Rumpl
Rumpl

Reputation: 343

apply butterworth filter to signal with varying frequencies

I am filtering a signal with a 240 Hz frequency using a 4th order low pass butterworth filter. Here's the filter setup code:

library(signal) 
fo <- 4                   # filter order
fs <- 240                 # signal frequency
fc10 <- 10                # cut-off frequency
w <- 2 * (fc10 / fs)      # critical frequency (Nyquist)
ft <- "low"               # type = low
 
bf <- butter(fo, w, type = ft)

I apply the filter to padded data (with reflection of the first and last elements) using this function:

pad_filt_unpad <- function(x, bf) {
  # pad data
  padded_data <- c(rep(first(x), fs), x, rep(last(x), fs))
  # filter data
  filtered_data <- filtfilt(bf, padded_data)
  # un-pad data
  filtered_data <- filtered_data[(fs + 1):(length(filtered_data) - fs)]
  return(filtered_data)
}

This works as expected.

Now, I have a new signal that varies between data coming in with a frequency of 60 Hz and 240 Hz (nothing in between, just switching between 60 or 240 Hz). My first idea was to quadruplicate all 60 Hz data and leave the filter as is, but that will probably lead to funny effects. So, what can I do? Any ideas would be much appreciated.

Upvotes: 2

Views: 171

Answers (1)

Pascal Getreuer
Pascal Getreuer

Reputation: 3256

You receive some data at 240 Hz sample rate and some data at 60 Hz sample rate, and in both cases you want to apply a lowpass filter with 10 Hz cutoff.

What you suggest of 4x replicating the 60 Hz sample rate data to 240 Hz, and then lowpass filtering, would work just fine. Sure, 4x replicating is crude, but whether using that or a more sophisticated interpolation would make little difference after the 10 Hz cutoff lowpass filter. The "funny effects" are smoothed away.

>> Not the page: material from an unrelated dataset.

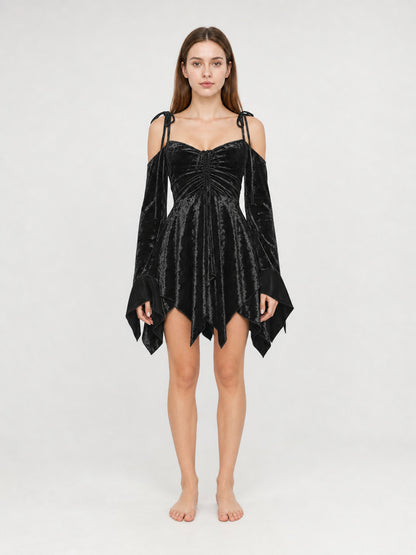 Black Mini Dress with Asymmetrical Handkerchief Hem and Sleeves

Or, instead of upsampling to 240 Hz, consider this other route: decimate to 60 Hz. That 10 Hz cutoff is so low that the final lowpassed result would be more than adequately represented with a 60 Hz sample rate. This may be simpler and cheaper to compute:

  1. Design the 10 Hz cutoff lowpass filter for 60 Hz sample rate.
  2. When given 240 Hz sample rate data, apply an anti-aliasing filter and then subsample by 4x to 60 Hz. The anti-aliasing can be as simple computing the average of each group of 4 consecutive samples.
  3. With all data at 60 Hz, apply the 10 Hz cutoff lowpass filter.